## WHAT IS EXPECTED:
In the data below, repeat the line containing "Close-up of sparkling" and every following line exactly, up to and including the last line. Exclude pictures.

━━━━

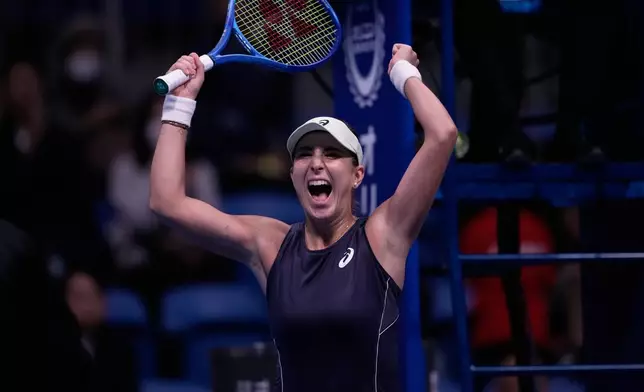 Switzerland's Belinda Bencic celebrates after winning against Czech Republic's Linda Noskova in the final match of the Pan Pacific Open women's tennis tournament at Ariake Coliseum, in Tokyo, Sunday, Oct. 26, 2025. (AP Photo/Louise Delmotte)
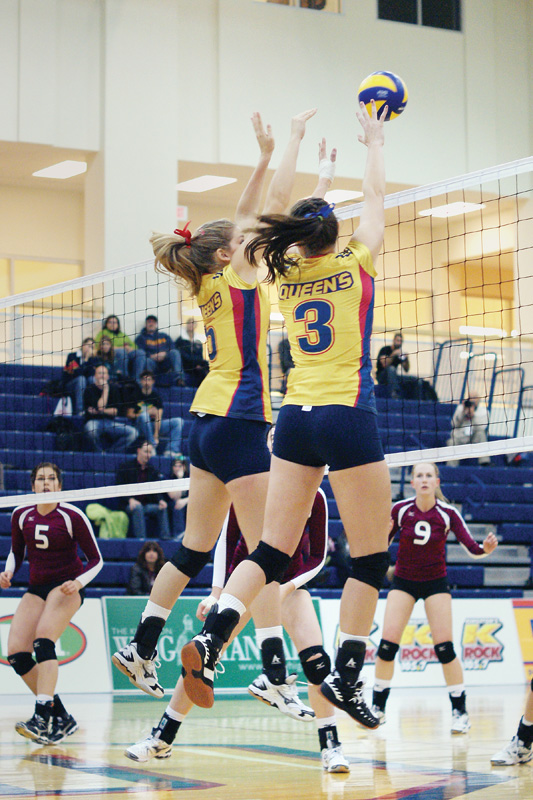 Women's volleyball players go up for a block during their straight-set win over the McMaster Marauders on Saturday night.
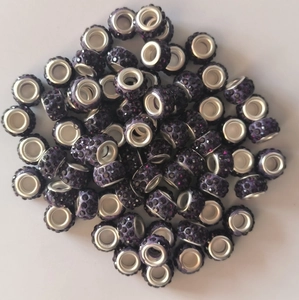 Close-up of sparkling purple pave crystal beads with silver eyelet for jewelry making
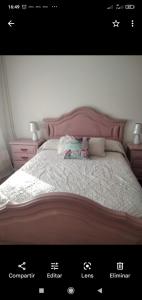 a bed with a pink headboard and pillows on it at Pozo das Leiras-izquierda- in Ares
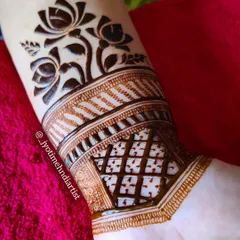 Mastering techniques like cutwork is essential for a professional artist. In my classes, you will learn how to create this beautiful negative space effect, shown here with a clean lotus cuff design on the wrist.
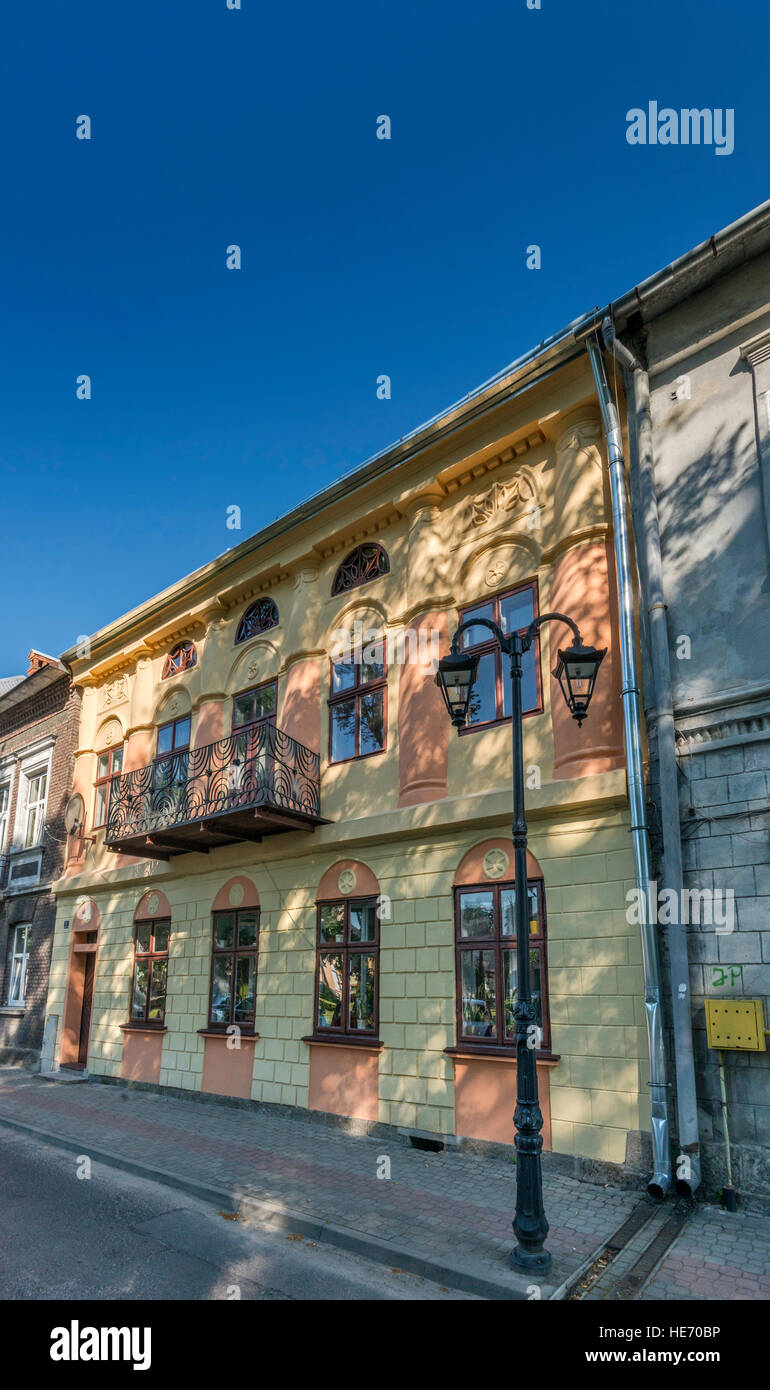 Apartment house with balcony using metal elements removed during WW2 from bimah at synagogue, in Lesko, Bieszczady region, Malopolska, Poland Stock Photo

━━━━

## RESPONSE TO THE EXERCISE:
 Close-up of sparkling purple pave crystal beads with silver eyelet for jewelry making
 a bed with a pink headboard and pillows on it at Pozo das Leiras-izquierda- in Ares
 Mastering techniques like cutwork is essential for a professional artist. In my classes, you will learn how to create this beautiful negative space effect, shown here with a clean lotus cuff design on the wrist.
 Apartment house with balcony using metal elements removed during WW2 from bimah at synagogue, in Lesko, Bieszczady region, Malopolska, Poland Stock Photo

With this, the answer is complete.